When an Authentic Self returns to the terrestrial body, when it awakens—which is really falling back asleep—very rarely can It bring any awareness of from where and when It came. Even those tiny wisps of vibrations that echo scant information of Its astral lives, adventures, and lovers, are unable to be retained for more than a few breaths. Instead, the Authentic Self falls back into a deep slumber, as the ego-mind regains control of the body-mind. The ego-mind is clever and skilled enough to sample and analyze the dissolving wisps before they vanish, and it is with these after-tastes that the ego-mind reconstructs what it thinks are the dramas of its sleep, which it calls “dreams.” Some ego-minds profess to study them, and label them as “not real” but as proof of the depths and complexities of what it imagines as its own real psychological intelligence and evolved and shining talents. Conversely, others also profess to study them and arrive at the same conclusions, while claiming beliefs that the dreams are “real” and evidence higher spiritual aspects, communications, and messages from divinities and demons, as well as interactions with other embodied and even disembodied personalities.

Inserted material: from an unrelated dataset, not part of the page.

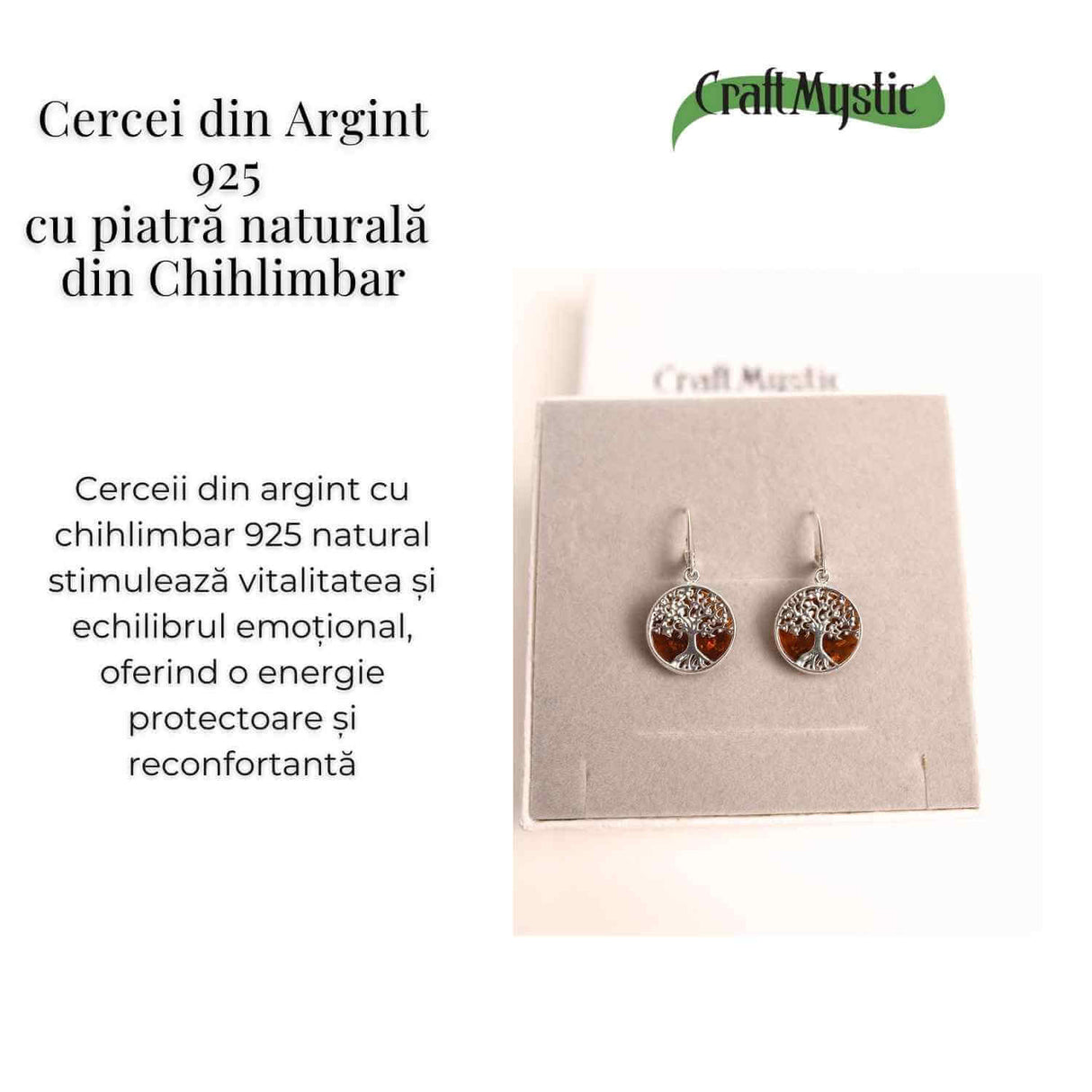 Cercei Argint 925 cu Chihlimbar si Arborele Vietii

But the ego-mind cannot and never will be able to leave its actual confines, because neither it nor its confines are real, but rather a short-lived and fragile bubble of energy borrowed from the loosest elements of earth and air that comprise the terrestrial body. It is also this bubble of ego-mind’s dreams that Authentic Self re-enters and then proceeds forward in its terrestrial life, unaware in any way of the spectacular, astoundingly beautiful life of reality that awaits Its return to the higher astral realms. Instead, It allows ego-mind to daze and dazzle It by beliefs about dreams, lulled deeper into a day-slumber, where It usually will remain unconscious until the body and the ego-mind finally fall away, and transition toward the Risen Lands begins.